DHWI: Teaching through Multimedia

Way back in January I had the opportunity to attend Digital Humanities Winter Institute (DHWI) hosted by MITH.  I was/am the grateful recipient of a UMD Libraries Scholarship which paid my registration fees.

While attending the course Teaching through Multimedia by Virginia Kuhn and Vicki Callahan I had the opportunity to practice with some new software, but honestly the class was not what I expected. I'm sure the course description was entirely clear to the authors, but its brevity and use of the term multimedia were problematic for most course attendees. Though, Teaching through Multimedia ended up being different from what I expected, I still really enjoyed it (and it seemed like the other students did as well).
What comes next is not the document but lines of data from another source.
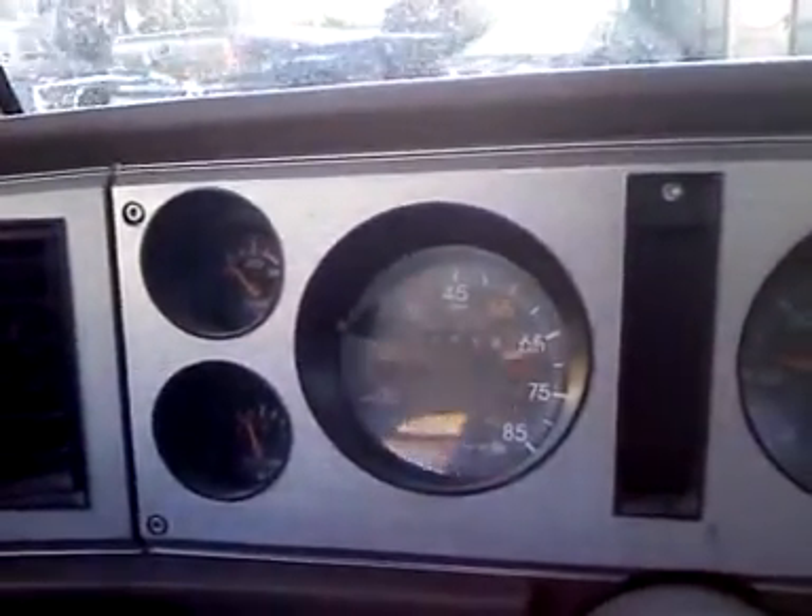I don't know if you can see it. And it's all speed dependent too — the faster I go, the faster it spins.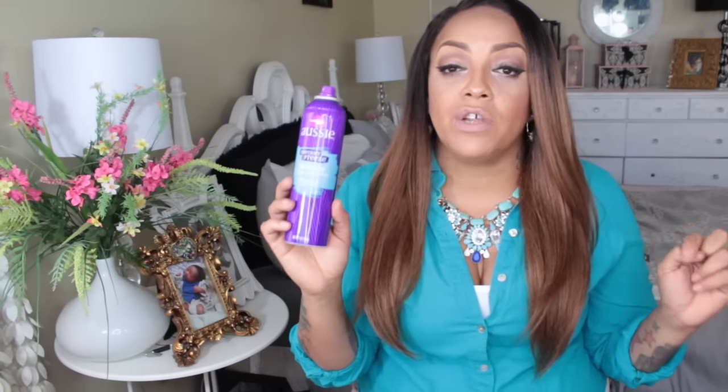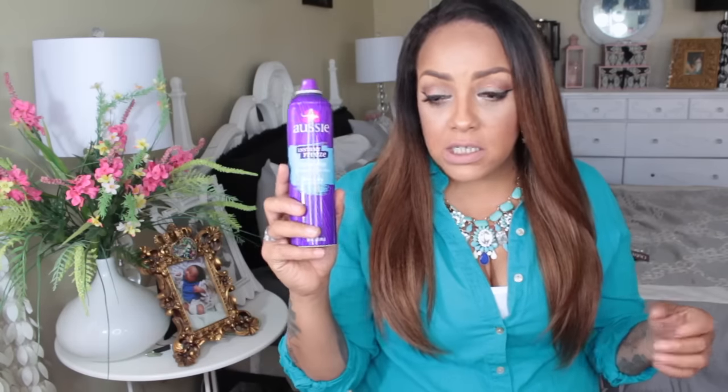I'm always telling you girls about the Aussie Instant Freeze extreme hold hairspray — I like the aerosol can best. They changed the packaging, but the aerosol really makes it freeze in place versus the pump bottle which is more watery. You can find this at Target, Walmart, CVS, Walgreens, or Rite Aid — but probably not at your local beauty supply store.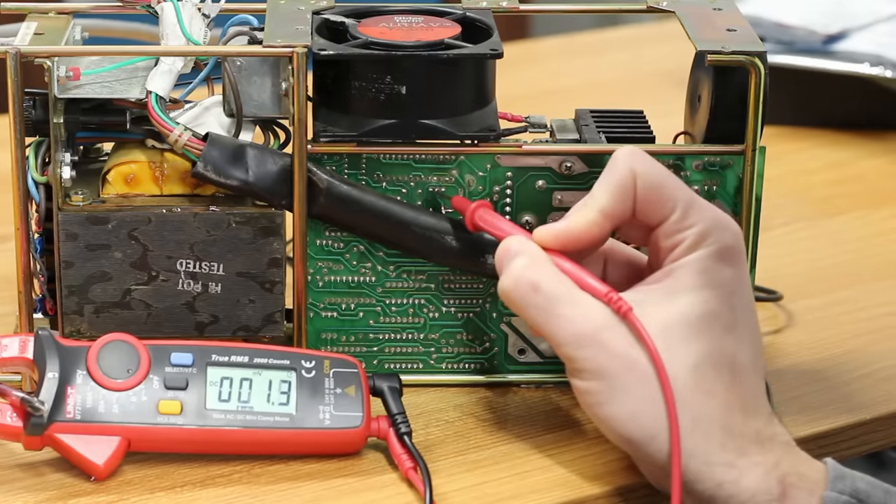Let's give this new 7915 a try and see if we're getting minus 15 volts now. It's reading 0.7 volts and 0.5 volts — about the same as before. So we have a problem somewhere else that's causing an issue here.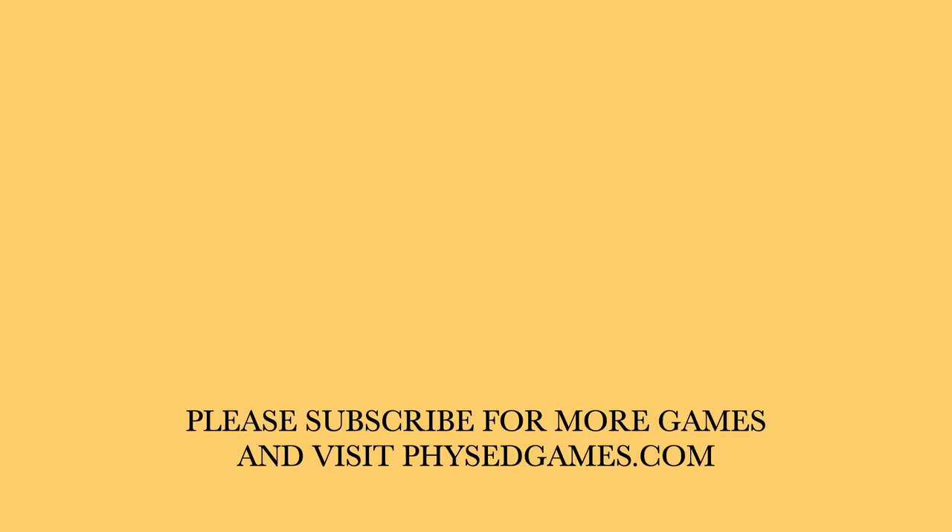That's it for this idea. Thanks again, Derek, for yet another awesome idea. If you've enjoyed this game, please subscribe for more games, and visit physedgames.com.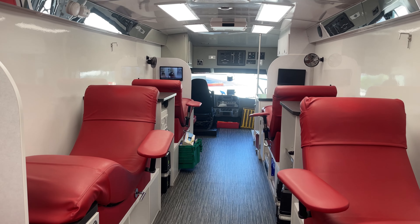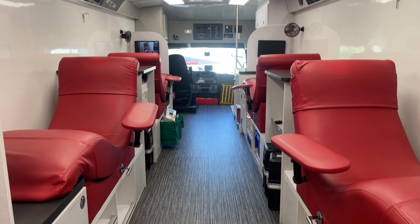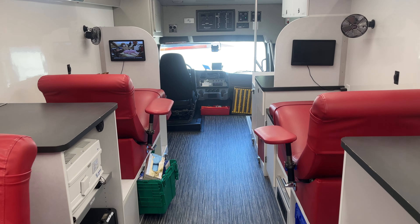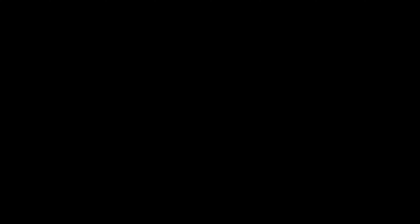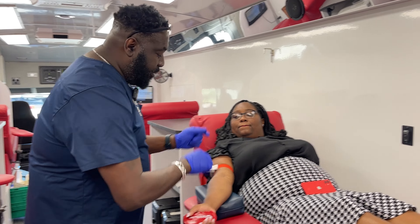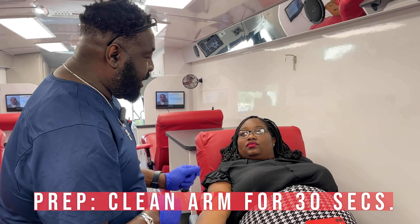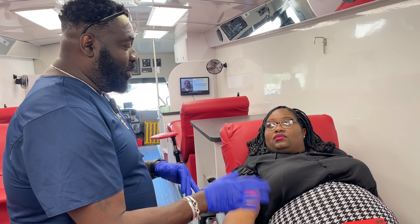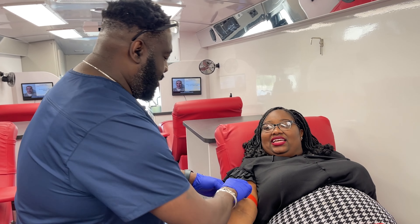Once you're all complete with your screening process, you'll come and have a seat here on the chair to get ready for your mobile donation. Right now, we're going to prep your arm. We're going to clean it for 30 seconds. After the 30 seconds, we're going to let it dry for another 30 seconds, and we'll get you started right away.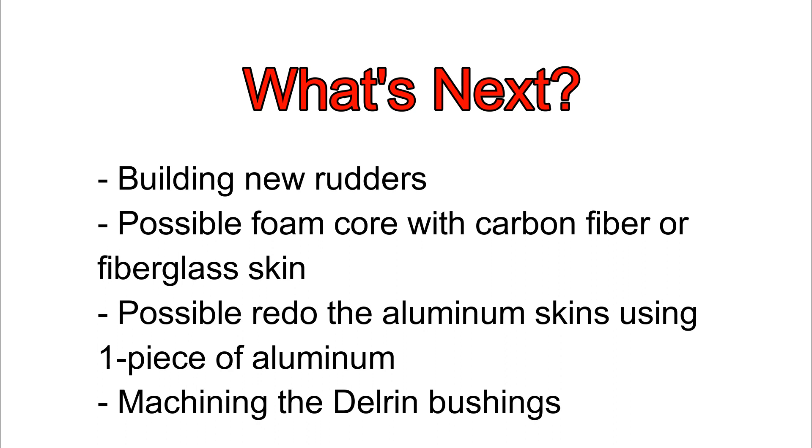Or I might just cut the skins off these aluminum ones and redo it using a single piece of aluminum. So if you have an opinion on what I should do let me know in the comments. I can be influenced on this — I haven't made up my mind yet, so we'll see what happens next.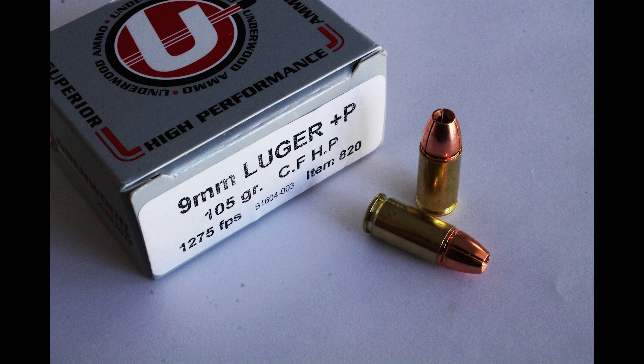Thanks for coming back to The Chomping Block. Let's take a look at another gimmick round. This is going to be Underwood Loaded Lehigh 9mm Controlled Fracturing Hollow Point.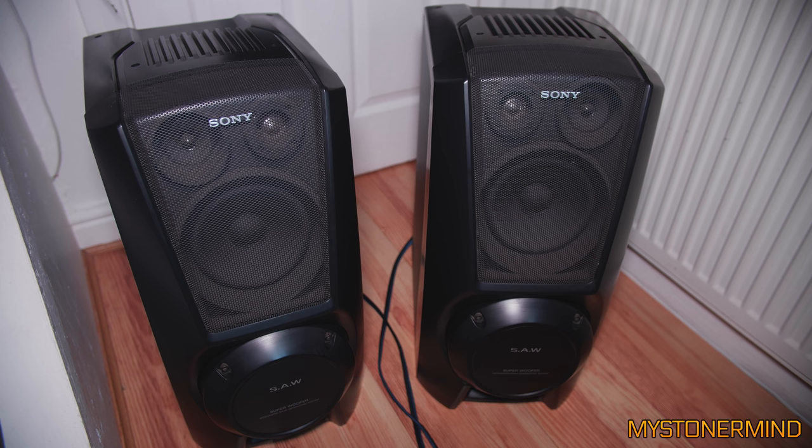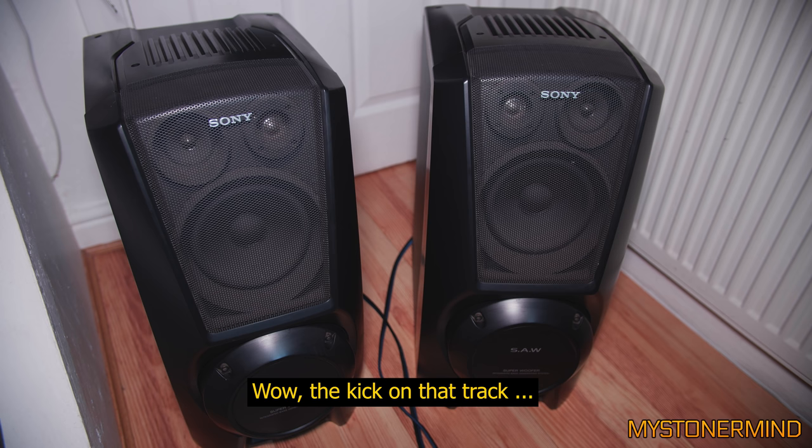Alright, so I found another track. Let's see how this sounds. Alright, that's quite loud. Wow, the kick on that track — is there any need for it? That was obscene.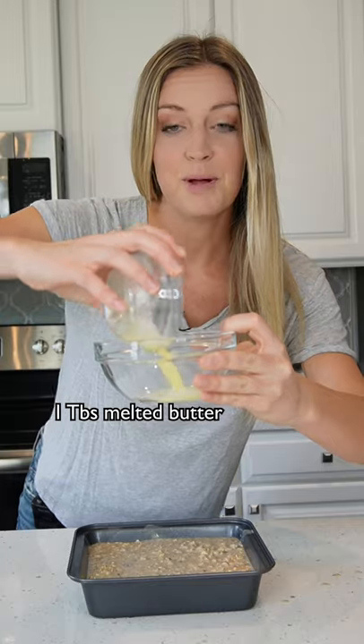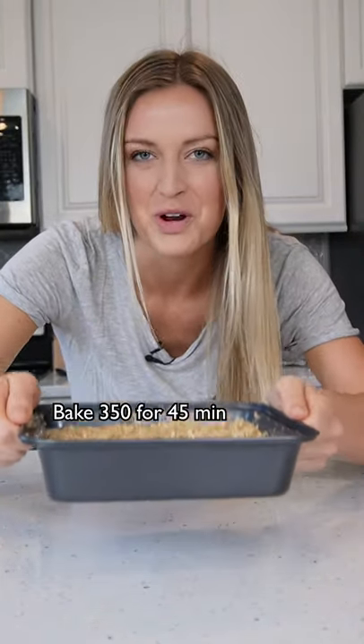Now pour it into an eight by eight baking pan. Melted butter, oats, brown sugar, and flour — mix that up and sprinkle it on top. Now bake at 350 for 45 minutes.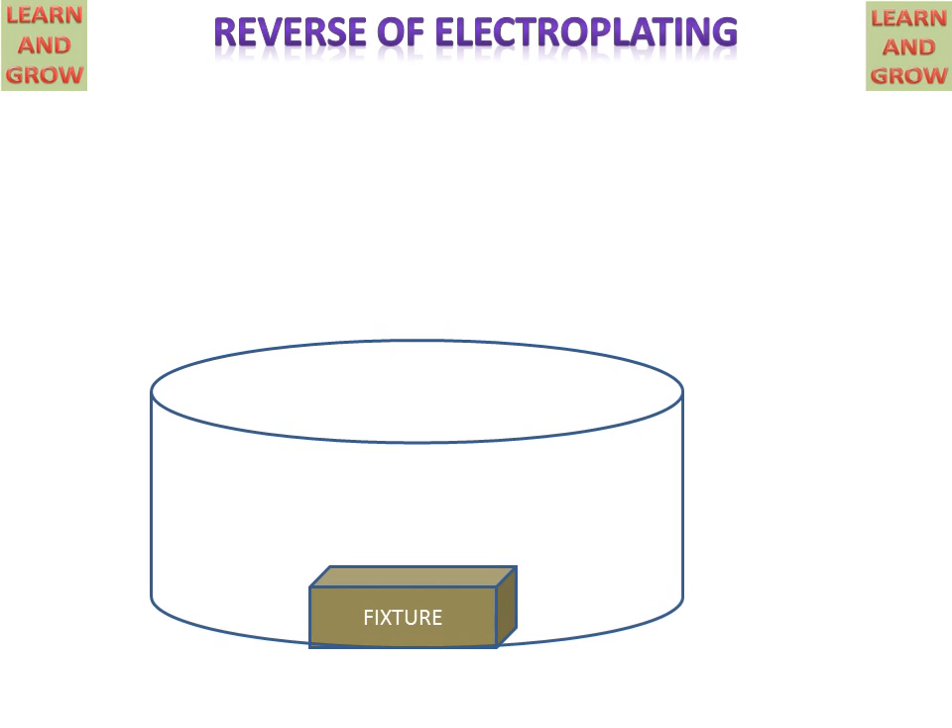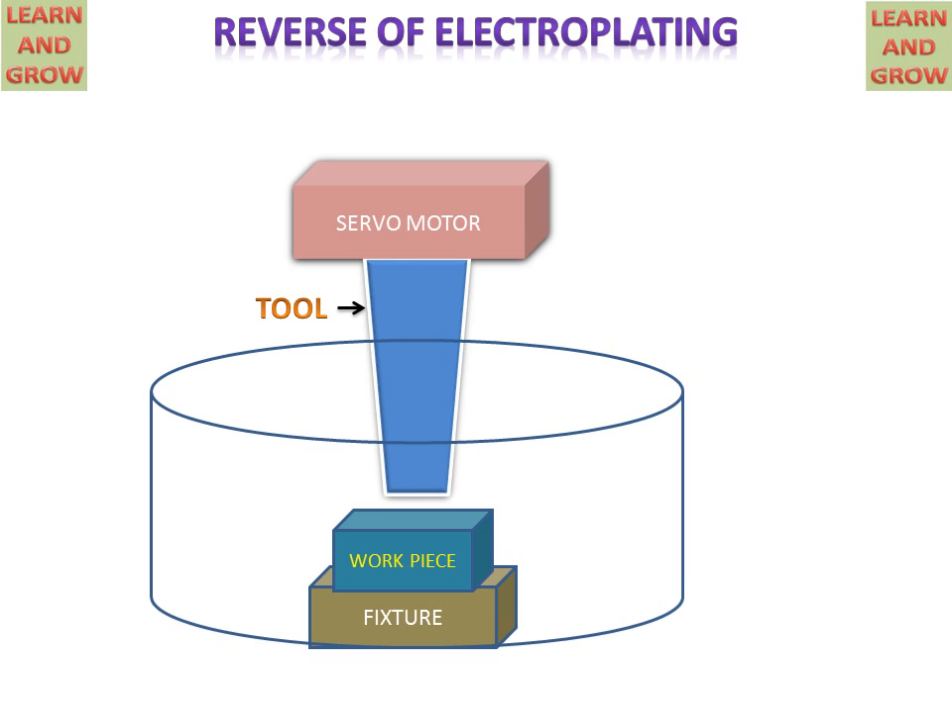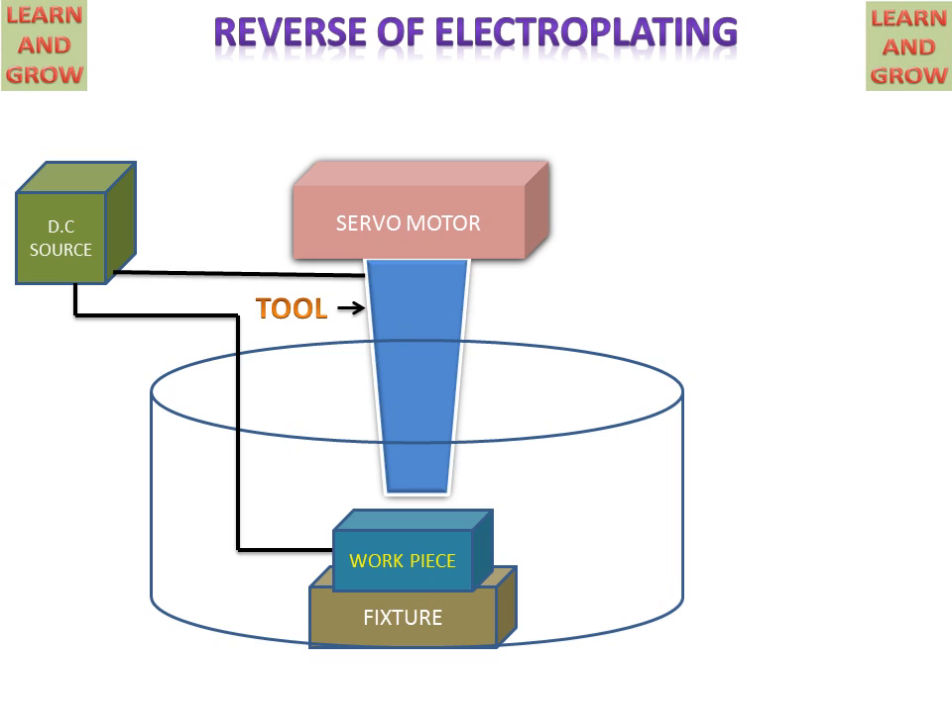We have a container in which a fixture and a workpiece are placed. Above this there is a tool and a servo motor on the tool for maintaining the gap between the workpiece and the tool. There is a DC power source connected to the tool and the workpiece. The workpiece has the positive terminal and the tool has the negative terminal polarity.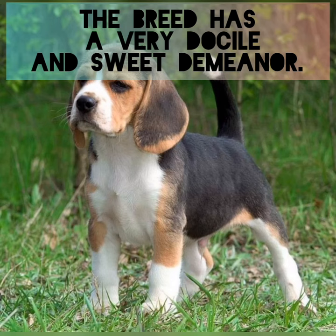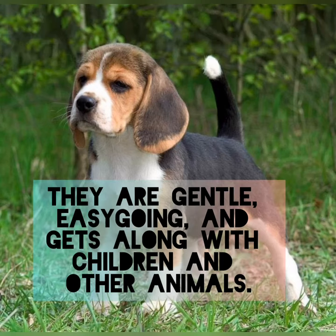The breed has a very docile and sweet demeanor. They are gentle, easygoing, and get along with children and other animals.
I thought that the course would be more along the lines of DHSI's "Digital Pedagogy in the Humanities" which I didn't know existed prior to registering for Teaching through Multimedia (otherwise I probably would have realized the error of my assumptions).

The course spent the first day providing a brief overview of the instructors definition of multimedia and their goals for the course. The instructors acknowledged that multimedia is a problematic term and stated a preference for "digital studies". I really appreciated Kuhn and Callahan's ideas about "digital studies". They traced communication from oral to literate/written to digital. Kuhn and Callahan support the need for digital assignments by pointing out that the idea of 'fluency' means being able to consume as well as produce. Therefore today's students need to have experience producing digital communications. Kuhn and Callahan will get no argument from me.

After the first day's discussion we delved into the practical! Tuesday we created a 'sound scape'; Wednesday we worked on memes; Thursday we experimented with film editing; Friday was dedicated to practical application.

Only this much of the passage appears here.